═════ Data to process ═════

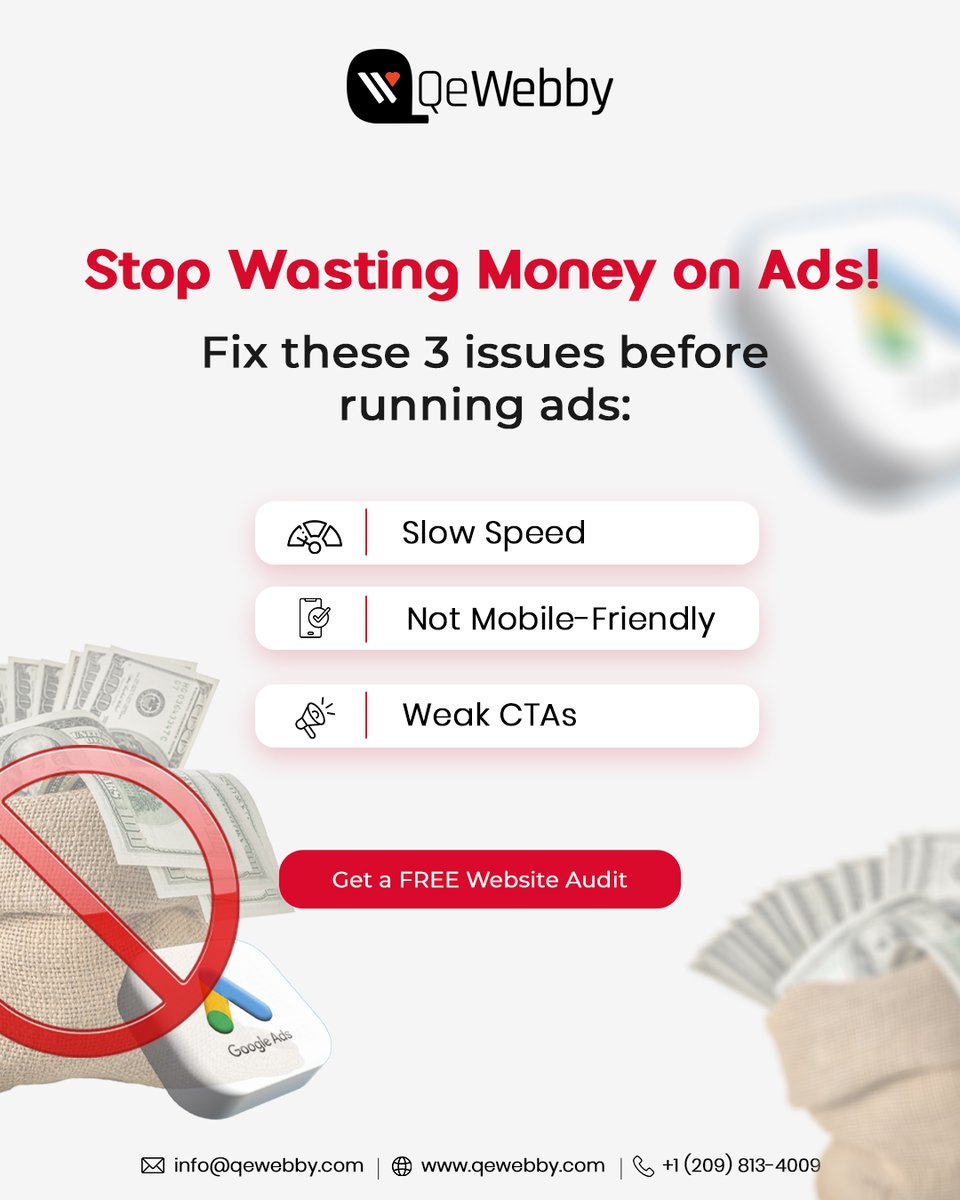 qewebby's tweet image. 🚨 Planning to run ads? Don’t waste your budget yet!

Fix these 3 issues first 👇

⚡ Slow Speed
📱 Not Mobile-Friendly
🎯 Weak CTAs

Turn clicks into clients before running ads! qewebby.com/contact-us/

#websiteoptimization #conversionoptimization #webdesign #marketingstrateg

═════

→ Work order
Please write out the entire listing above exactly, but leave the pictures out.

→ Reply to the task
 qewebby's tweet image. 🚨 Planning to run ads? Don’t waste your budget yet!

Fix these 3 issues first 👇

⚡ Slow Speed
📱 Not Mobile-Friendly
🎯 Weak CTAs

Turn clicks into clients before running ads! qewebby.com/contact-us/

#websiteoptimization #conversionoptimization #webdesign #marketingstrateg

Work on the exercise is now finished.